Budapest Memorandum on Security Assurances

The Budapest Memorandum was signed in Budapest on 5 December 1994 in the context of taking place there CSCE.

Content and background

In the memorandum, the U.S., the UK and Russia committed in three separate statements each against Kazakhstan, Belarus and Ukraine, in return for a nuclear weapons surrender the sovereignty and the existing borders of the country (Art. 1) as well as their political and economic independence must be ensured ( Article 2 f ) and in the case of a nuclear attack on the countries immediately to take such action by the UN Security Council ( Article 4).

These three states had come into the possession of nuclear weapons as part of the dissolution of the USSR. The Budapest Memorandum was a precondition for the signing and ratification of the Nuclear Non-Proliferation Treaty and the Comprehensive Test Ban Treaty. By 1996, all nuclear weapons of the former Soviet Union were brought to Russia, the successor state of the USSR has the right to the possession of nuclear weapons.

The treaty was ratified by all parties and signed into law.

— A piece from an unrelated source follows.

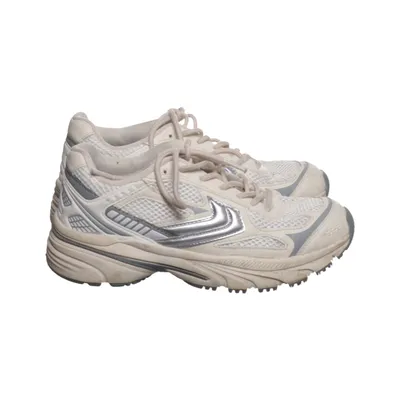 Trainingsschoenen (Beige, Wit) van Bershka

China and France gave to the security guarantee of Ukraine from its own explanations. In addition, French President François Mitterrand wrote on 5 December 1994 this a personal letter.

Effects

  • During the Russian-Ukrainian gas dispute of the year 2005 /06, the Ukrainian government under President Viktor Yushchenko considered as declared by the mirror to take the signatories of legally binding Memorandum on assistance to Ukraine to complete.
  • As part of the Krimkrise 2014, the U.S. and the UK indicated the agreement and interpreted the Russian behavior in the Crimea as non-compliance with the Memorandum and clear violation of the territorial integrity of Ukraine. Similar comments were made to the UN Secretary-General Ban Ki -moon and German Chancellor Angela Merkel. Russia, in turn, appreciated " the threats of the EU and U.S. sides during the riots in Kiev, sanctions against the Ukrainian governance ( under President Yanukovych ) impose " and the later " recognition of the coup in Kiev " as a breach of obligations under the Budapest Memorandum.